Ainsi que je vous le disais, il y a une interprétation à géométrie variable selon l’arrondissement judiciaire dans lequel on se trouve, si on se trouve à Bruxelles on sera traité d’une façon si on se trouve dans un autre arrondissement wallon, on sera traité d’une autre manière, si on a une certaine couleur de peau on sera traité d’une autre manière et si on va en Flandre, c’est encore un autre monde. J’en ai parlé avec un pénaliste dont un de ses clients  s’est fait poursuivre parce qu’il avait 3 grammes de cannabis dans trois sachets différents et que cela a induit une suspicion de trafic. Cela démontre qu’on est vraiment dans une zone d’ombre qui est inacceptable dans une démocratie.

La  réponse doit être apportée  par une loi claire et ce n’est pas le cas aujourd’hui.

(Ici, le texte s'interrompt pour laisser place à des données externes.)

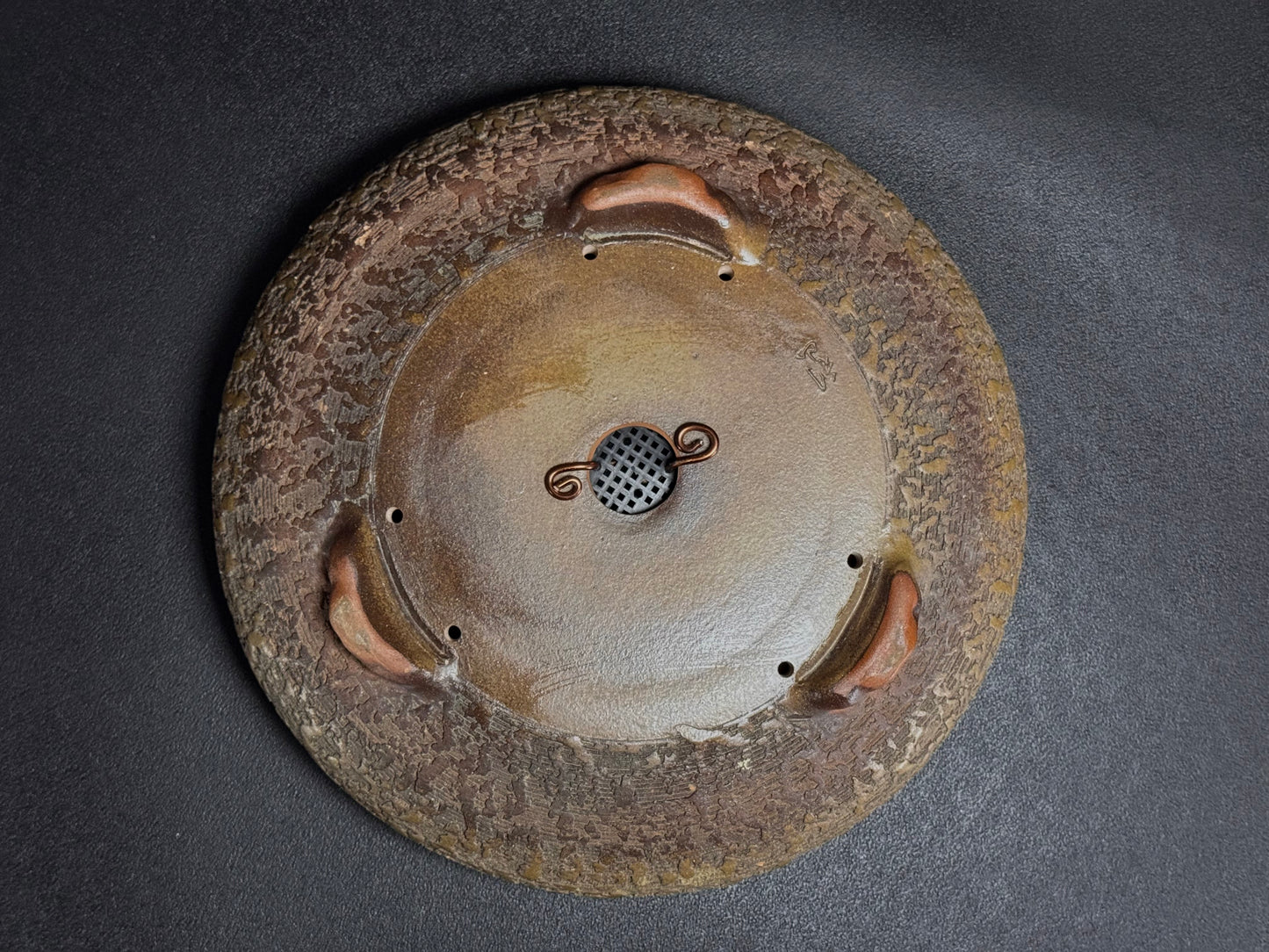 Rizan 利山 Hand Signed 爪描き – 常滑市 (Tokoname) – 31.5cm Round Unglazed Bonsai Pot 丸鉢 無釉
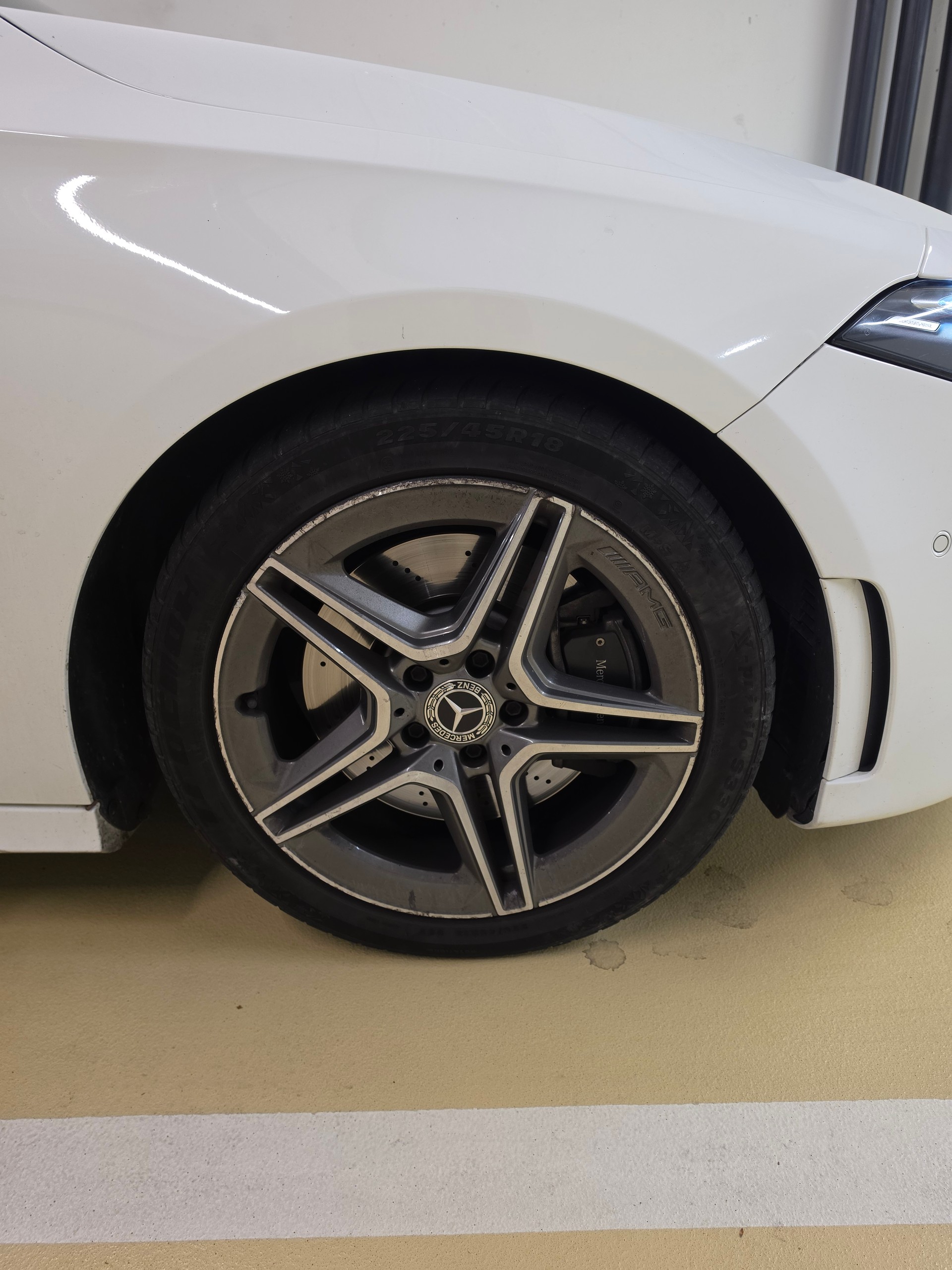 MERCEDES-BENZ A 250 AMG Line-image-8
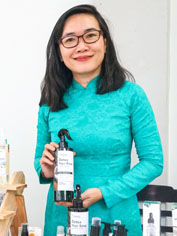 Chị Đinh Thị Hạnh Tâm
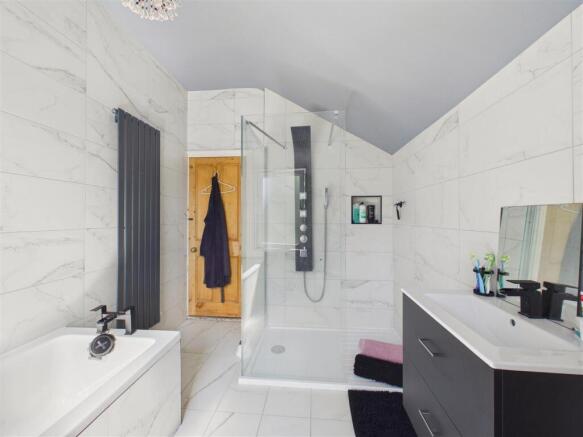2 bed Terraced for sale Image 11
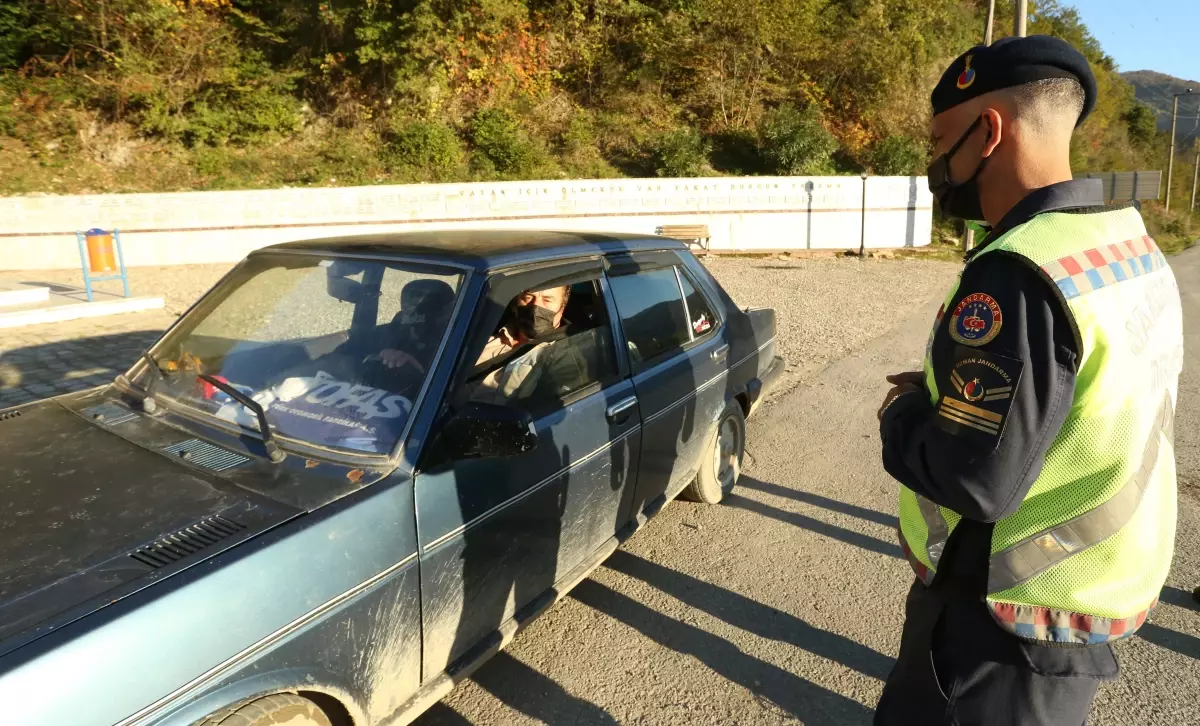 Bozkurt\'ta "Bi Hareketine Bakar Hayat" kampanyası kapsamında sürücüler bilgilendirildi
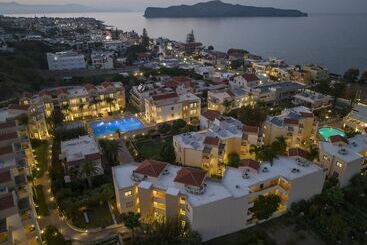 Creta Palm Resort Hotel & Apartments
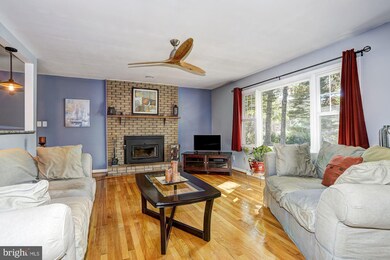 1502 Shadyhill Ct, Sykesville, MD 21784 - photo 4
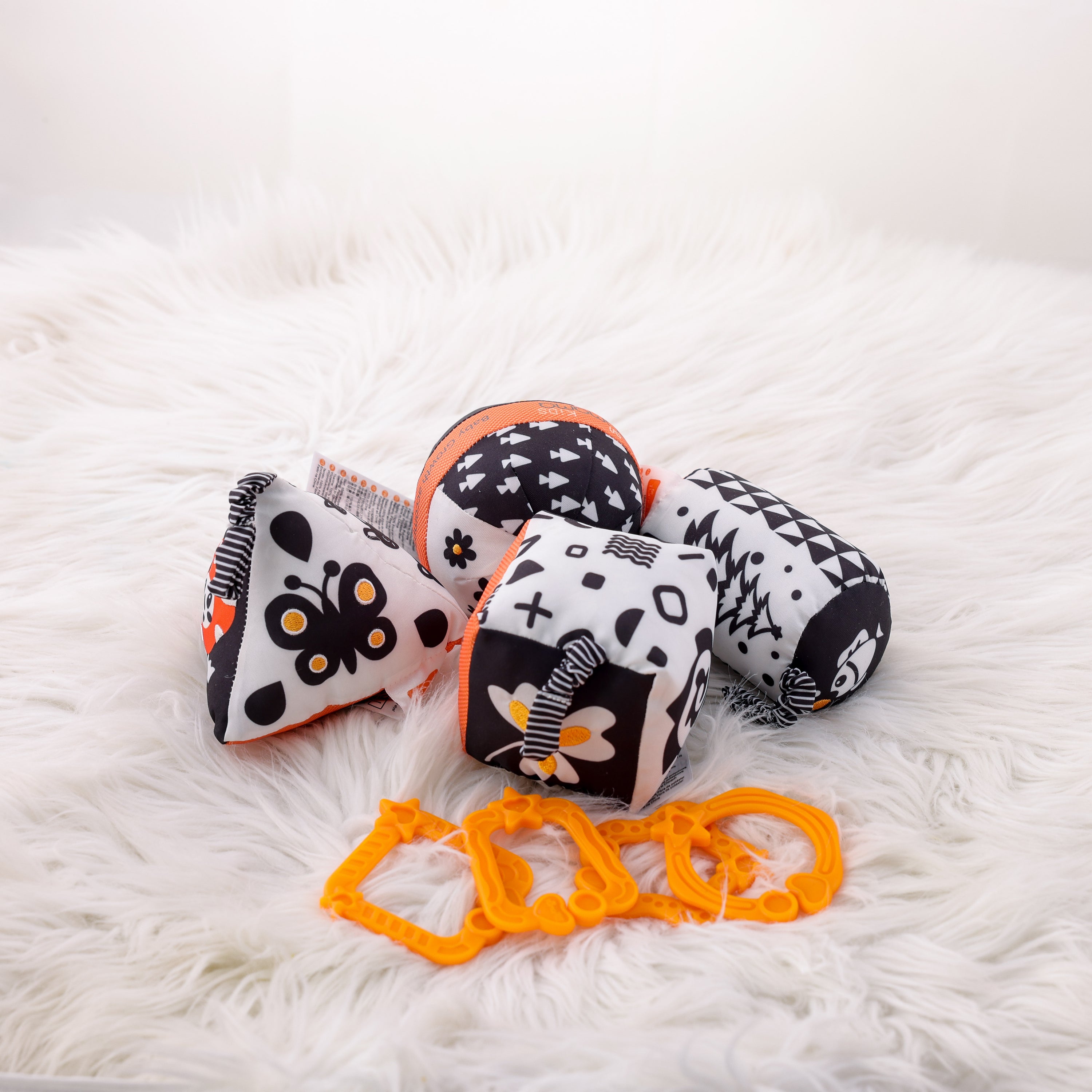 B&W geometric hanging rattle set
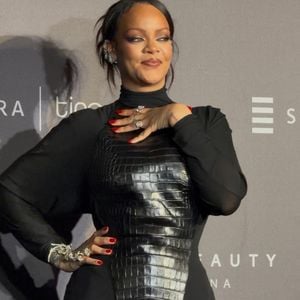 Rihanna dans une robe Alaïa moulante lors de la soirée organisée pour le lancement de Fenty Beauty à Mumbai, en Inde. Backgrid USA / Bestimage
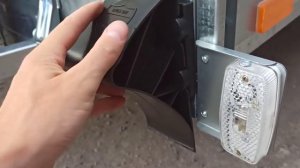 Truck Way G26.01. Противооткатный упор с кронштейном для легкового прицепа.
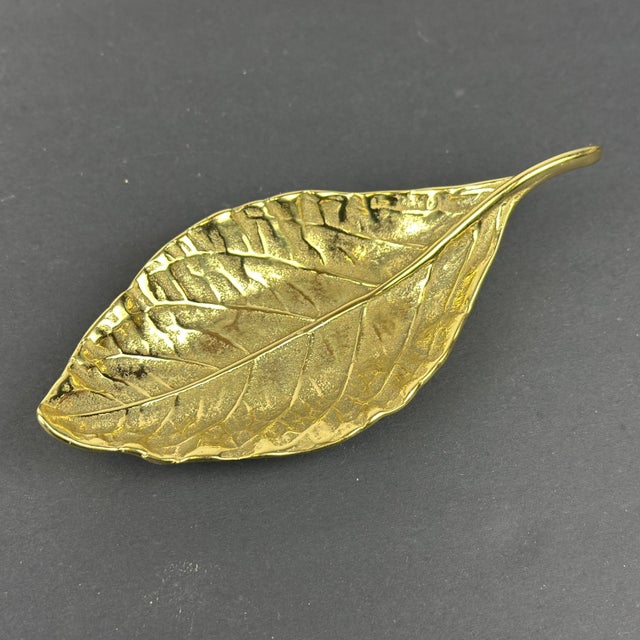 1940's Virginia Metalcrafters Solid Brass Hydrangea Leaf Sculpture Tray Dish For Sale In Philadelphia - Image 6 of 7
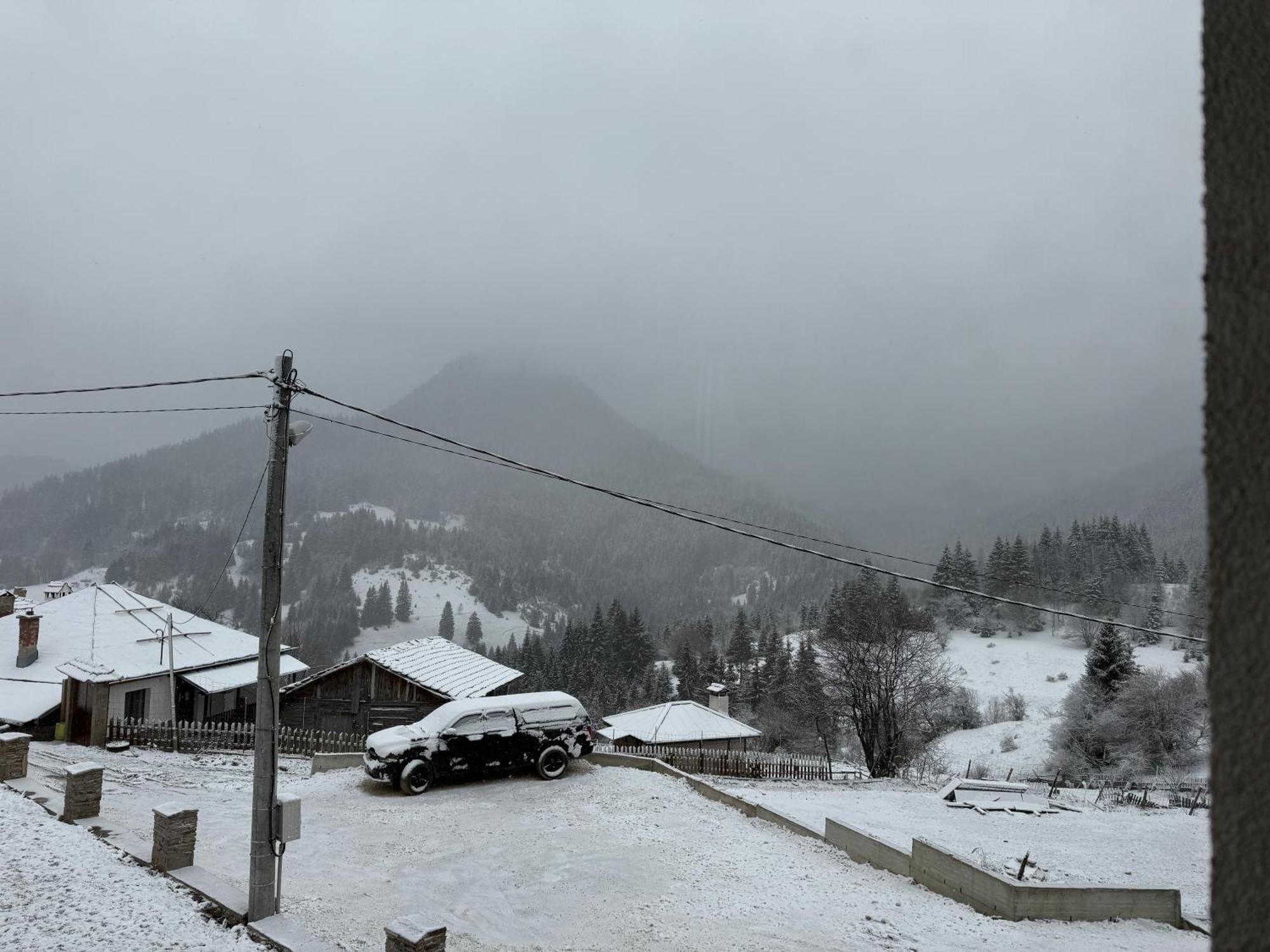 Къща За Гости Меча Стъпка Gela Exterior foto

C’est aussi une question de philosophie du droit : quel est le rôle du droit pénal ? Evidemment chacun a sa définition du droit pénal, elle n’est pas univoque. Selon moi, c’est un outil, un instrument qui vise à prévenir et à punir des comportements qui directement ou indirectement nuisent à la société. Et je  vais peut-être vous choquer mais la consommation d’une drogue quelle qu’elle soit, licite ou illicite que ce soit du sucre, de l’alcool, du cannabis ou de l’héroïne, cela ne nuit, a priori, qu’à la personne qui en consomme. Certains me rétorqueront que cela nuit indirectement à la sécurité sociale. C’est vrai mais alors, dans ce cas, on doit aussi parler du sucre, de l’alcool, … Par contre si des comportements consécutifs à cette consommation  doivent être considérés comme des infractions, le droit pénal doit jouer son rôle. Il y a là un problème de philosophie du droit : est-ce que le droit pénal est là pour aider des personnes qui ont une consommation problématique, est-ce que le droit pénal est là pour soigner les gens ? Chacun a sa réponse.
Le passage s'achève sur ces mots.